FireHornacek wrote:You know in sports that if a team suffers a great disaster and loses many players due to death, that team is allowed to draft a new team from the other teams in the league. NBA has a rule that a team can protect only five players on its roster for this "Disaster Draft." Everybody after five is fair game to be picked by the depleted team.So which five Knicks right now do you protect if another team gets wiped out? (Yeah, it's a morbid topic, but at least it is creative question.)
I protect these five:
Porzingis
Otter From Animal House
Courtney Lee
Sollozzo the Turk
Frank The Frog
Those are the five that this team can not part with.
The interesting "twist" in a disaster draft is that the "lending" prohibition to trades is non existent.

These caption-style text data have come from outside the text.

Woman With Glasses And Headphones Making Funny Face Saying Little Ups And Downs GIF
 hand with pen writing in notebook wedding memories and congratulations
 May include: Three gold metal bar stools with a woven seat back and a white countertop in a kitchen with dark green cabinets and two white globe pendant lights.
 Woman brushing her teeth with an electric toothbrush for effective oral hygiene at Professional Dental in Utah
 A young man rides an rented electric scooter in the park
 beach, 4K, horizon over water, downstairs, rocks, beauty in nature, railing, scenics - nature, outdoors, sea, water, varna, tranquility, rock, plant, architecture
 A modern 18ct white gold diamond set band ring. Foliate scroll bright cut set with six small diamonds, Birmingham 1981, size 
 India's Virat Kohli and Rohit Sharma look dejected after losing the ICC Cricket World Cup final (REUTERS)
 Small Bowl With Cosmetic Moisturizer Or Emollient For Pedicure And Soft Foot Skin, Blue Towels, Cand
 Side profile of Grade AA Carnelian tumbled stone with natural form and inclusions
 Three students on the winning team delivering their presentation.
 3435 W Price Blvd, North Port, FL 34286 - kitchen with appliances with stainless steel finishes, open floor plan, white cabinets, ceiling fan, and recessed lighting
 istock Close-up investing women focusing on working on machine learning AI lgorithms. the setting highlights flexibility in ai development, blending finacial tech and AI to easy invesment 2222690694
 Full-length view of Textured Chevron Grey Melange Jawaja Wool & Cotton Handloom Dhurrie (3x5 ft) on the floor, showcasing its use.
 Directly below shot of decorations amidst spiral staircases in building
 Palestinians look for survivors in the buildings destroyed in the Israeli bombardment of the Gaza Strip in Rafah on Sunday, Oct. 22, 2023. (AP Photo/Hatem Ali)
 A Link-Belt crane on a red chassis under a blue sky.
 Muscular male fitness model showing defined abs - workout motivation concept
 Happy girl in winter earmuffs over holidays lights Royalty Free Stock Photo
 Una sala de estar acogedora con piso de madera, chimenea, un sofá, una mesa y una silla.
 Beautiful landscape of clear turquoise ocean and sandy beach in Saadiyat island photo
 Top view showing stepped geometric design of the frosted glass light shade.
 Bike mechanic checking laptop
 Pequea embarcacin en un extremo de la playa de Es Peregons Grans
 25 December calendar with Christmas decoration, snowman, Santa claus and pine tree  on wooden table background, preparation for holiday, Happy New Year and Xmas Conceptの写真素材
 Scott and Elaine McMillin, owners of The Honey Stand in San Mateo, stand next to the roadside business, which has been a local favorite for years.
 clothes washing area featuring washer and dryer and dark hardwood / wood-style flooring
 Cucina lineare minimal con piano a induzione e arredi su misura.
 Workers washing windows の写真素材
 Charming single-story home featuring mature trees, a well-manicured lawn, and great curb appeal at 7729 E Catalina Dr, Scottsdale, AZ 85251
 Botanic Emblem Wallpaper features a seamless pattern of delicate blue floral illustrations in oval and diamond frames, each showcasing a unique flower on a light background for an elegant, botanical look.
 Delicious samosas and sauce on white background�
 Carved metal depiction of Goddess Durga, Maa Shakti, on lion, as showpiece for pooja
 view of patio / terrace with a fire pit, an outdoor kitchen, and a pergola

Thus a team who is depleted can draft a veteran player and them IMMEDIATELY re-trade the player without any of the other limitations on a normal trade under the CBA, even back to his original team.
Usually, a draft last X number of rounds, if your team doesn't get a player picked, it's "skipped", and all teams can protect another specific set of players ( i.e. Protect 5, face the draft, possibly lose one or none, then protect 3, then possibly lose one or none, then protect A number of players, rinse, repeat)
So let's say Franchise A wants to really protect 9 players. The drafting team would draft a specific player agreed upon, then would trade the player back for a pick or something asset wise, then Franchise A could protect another 3 players immediately, thus actually protecting 9 players for the cost of said asset.
The flip side would be a "side by side" trade, where the drafting team would take on a bad contract in the draft, in exchange, that team would do a separate trade to compensate the team for eating the bad contract. It just wouldn't be listed as so.
It's one of the few situations where normal trade conventions in the normal CBA are sort of jettisoned. A truly gutted team in the NBA like this, it's detrimental to the entire league.
The league would also have to step in in terms of cash hit. The contracts are guaranteed, so the dead players will get the payout to their families, even if the cap charges are cleared. Paying a whole new set of players essentially doubles the operating budget, which could cripple many teams in the league. (Not everyone is the Lakers or Knicks out there) Insurance covers some of it, but you can't have team in the league go financially bust over something like this.
It would create an opportunity to dump Noah's contract. Maybe.
Odds are the Knicks would be skipped in a dispersal like this. A team like the 76ers or Boston would be hurt pretty badly.